Did they get clear instructions from the top that it should be
delivered up?'" said former Sen. Bob Kerrey, a Democratic member of
the Sept. 11 commission.
The panel was beginning a new
two-day round of hearings Tuesday with testimony from former FBI
Director Louis Freeh, Attorney General John Ashcroft and former
Attorney General Janet Reno. Thomas Pickard, who served as acting
FBI director in the months just before the attacks, and former CIA
counterterrorism center director Cofer Black also were scheduled to
testify.
Aides to Ashcroft said he wanted to rebut criticism
that he was more focused on issues such as illegal drugs and gun
crimes than terrorism before the attacks.
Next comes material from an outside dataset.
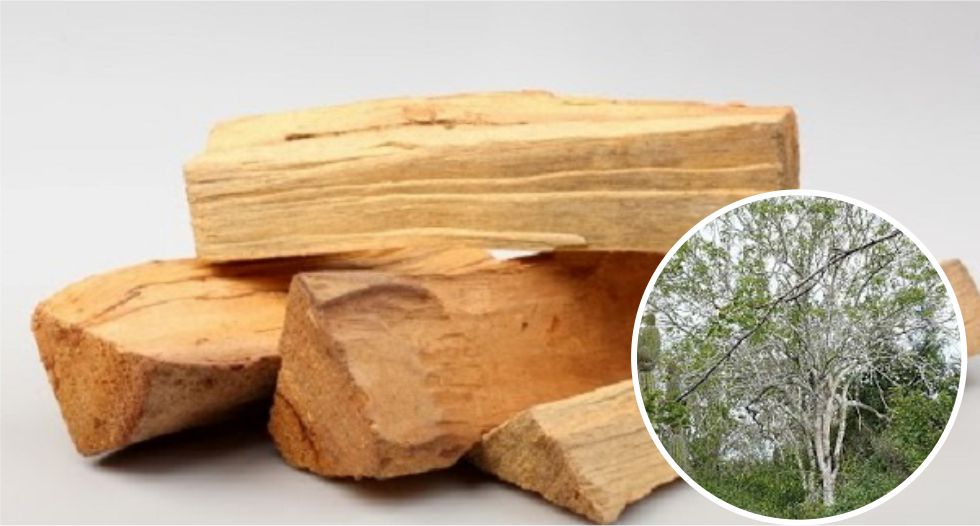شجرة بالو سانتو Palo Santo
They pointed to a May 9,
2001, Senate hearing in which Ashcroft testified his agency had "no
higher priority" than protecting against terrorist
attacks.
Jamie Gorelick, a Democratic member of the
commission and deputy attorney general in the Clinton
administration, said Tuesday that Ashcroft was sure to come under
heavy criticism.
"I think there are some real criticisms of
the Department of Justice during that time period," she said on
ABC's "Good Morning America."
Former Sen. Slade Gorton, a
Republican commission member, said he was dubious of an assertion in
a declassified Aug. 6, 2001 presidential daily brief which said the
FBI had some 70 terrorism-related investigations of terrorism under
way at the time.
"I'll tell you, I don't know what those 70
full field investigations were. That's a comforting statement to
make in such a briefing," Gorton told ABC. "And I think it is a
very, very significant exaggeration and I certainly want to follow
up on it."
In an article in Monday's Wall Street Journal,
Freeh said the FBI "relentlessly did its job pursuing terrorists"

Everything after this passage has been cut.